Content starts

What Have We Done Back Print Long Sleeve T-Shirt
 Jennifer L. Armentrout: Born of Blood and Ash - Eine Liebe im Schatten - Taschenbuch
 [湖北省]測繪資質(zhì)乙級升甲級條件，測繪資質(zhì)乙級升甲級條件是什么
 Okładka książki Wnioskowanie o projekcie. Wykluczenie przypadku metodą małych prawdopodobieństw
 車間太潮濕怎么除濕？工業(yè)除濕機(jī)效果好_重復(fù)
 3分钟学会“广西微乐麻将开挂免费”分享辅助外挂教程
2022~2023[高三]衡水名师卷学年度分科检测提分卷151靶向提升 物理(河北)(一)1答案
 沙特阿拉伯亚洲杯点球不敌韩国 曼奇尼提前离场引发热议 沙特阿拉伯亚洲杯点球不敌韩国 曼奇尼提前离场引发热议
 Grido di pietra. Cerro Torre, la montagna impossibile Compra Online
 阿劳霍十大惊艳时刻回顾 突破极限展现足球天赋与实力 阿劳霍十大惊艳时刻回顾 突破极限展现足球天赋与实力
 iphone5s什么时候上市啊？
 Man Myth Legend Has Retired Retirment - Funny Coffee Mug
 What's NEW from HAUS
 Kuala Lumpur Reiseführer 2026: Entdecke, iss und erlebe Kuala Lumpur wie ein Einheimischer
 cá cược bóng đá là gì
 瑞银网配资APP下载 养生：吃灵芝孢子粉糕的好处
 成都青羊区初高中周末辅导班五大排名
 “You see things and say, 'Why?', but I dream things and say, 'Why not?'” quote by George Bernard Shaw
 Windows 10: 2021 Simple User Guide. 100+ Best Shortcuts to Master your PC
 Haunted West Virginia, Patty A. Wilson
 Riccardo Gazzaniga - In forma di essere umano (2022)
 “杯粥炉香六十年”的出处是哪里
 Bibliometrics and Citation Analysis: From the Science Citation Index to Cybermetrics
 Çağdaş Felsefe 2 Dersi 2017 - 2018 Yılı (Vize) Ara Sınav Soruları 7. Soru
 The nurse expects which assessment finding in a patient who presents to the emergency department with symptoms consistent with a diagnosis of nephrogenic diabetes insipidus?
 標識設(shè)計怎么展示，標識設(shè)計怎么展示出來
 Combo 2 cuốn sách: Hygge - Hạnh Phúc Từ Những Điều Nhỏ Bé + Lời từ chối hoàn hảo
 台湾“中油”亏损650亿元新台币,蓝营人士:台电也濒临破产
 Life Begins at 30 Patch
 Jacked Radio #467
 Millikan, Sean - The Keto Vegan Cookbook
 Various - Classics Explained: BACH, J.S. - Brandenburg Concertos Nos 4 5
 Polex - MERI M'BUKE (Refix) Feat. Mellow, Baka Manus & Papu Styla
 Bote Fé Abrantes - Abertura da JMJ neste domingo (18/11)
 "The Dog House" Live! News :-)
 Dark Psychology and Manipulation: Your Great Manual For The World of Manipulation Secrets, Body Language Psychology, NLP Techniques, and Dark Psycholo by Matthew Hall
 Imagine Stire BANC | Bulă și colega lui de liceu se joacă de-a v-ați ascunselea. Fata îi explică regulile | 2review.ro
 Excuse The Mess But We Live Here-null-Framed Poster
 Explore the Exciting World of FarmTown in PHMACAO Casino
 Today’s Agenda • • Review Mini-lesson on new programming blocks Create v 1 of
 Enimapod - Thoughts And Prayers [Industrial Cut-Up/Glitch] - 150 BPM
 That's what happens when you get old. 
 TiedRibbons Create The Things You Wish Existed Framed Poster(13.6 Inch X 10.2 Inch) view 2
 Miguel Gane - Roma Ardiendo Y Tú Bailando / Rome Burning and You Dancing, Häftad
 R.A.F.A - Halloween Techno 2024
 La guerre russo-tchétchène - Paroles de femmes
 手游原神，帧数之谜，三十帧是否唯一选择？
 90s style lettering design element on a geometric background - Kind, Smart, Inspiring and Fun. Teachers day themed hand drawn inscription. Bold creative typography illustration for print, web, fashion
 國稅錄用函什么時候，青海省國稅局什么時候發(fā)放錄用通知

Content ends

## [WHAT IS REQUIRED]
Beginning with the line that contains "Excuse The Mess", output each line of the listing above through the last one, exactly and with nothing added.

## [TASK RESULT]
 Excuse The Mess But We Live Here-null-Framed Poster
 Explore the Exciting World of FarmTown in PHMACAO Casino
 Today’s Agenda • • Review Mini-lesson on new programming blocks Create v 1 of
 Enimapod - Thoughts And Prayers [Industrial Cut-Up/Glitch] - 150 BPM
 That's what happens when you get old. 
 TiedRibbons Create The Things You Wish Existed Framed Poster(13.6 Inch X 10.2 Inch) view 2
 Miguel Gane - Roma Ardiendo Y Tú Bailando / Rome Burning and You Dancing, Häftad
 R.A.F.A - Halloween Techno 2024
 La guerre russo-tchétchène - Paroles de femmes
 手游原神，帧数之谜，三十帧是否唯一选择？
 90s style lettering design element on a geometric background - Kind, Smart, Inspiring and Fun. Teachers day themed hand drawn inscription. Bold creative typography illustration for print, web, fashion
 國稅錄用函什么時候，青海省國稅局什么時候發(fā)放錄用通知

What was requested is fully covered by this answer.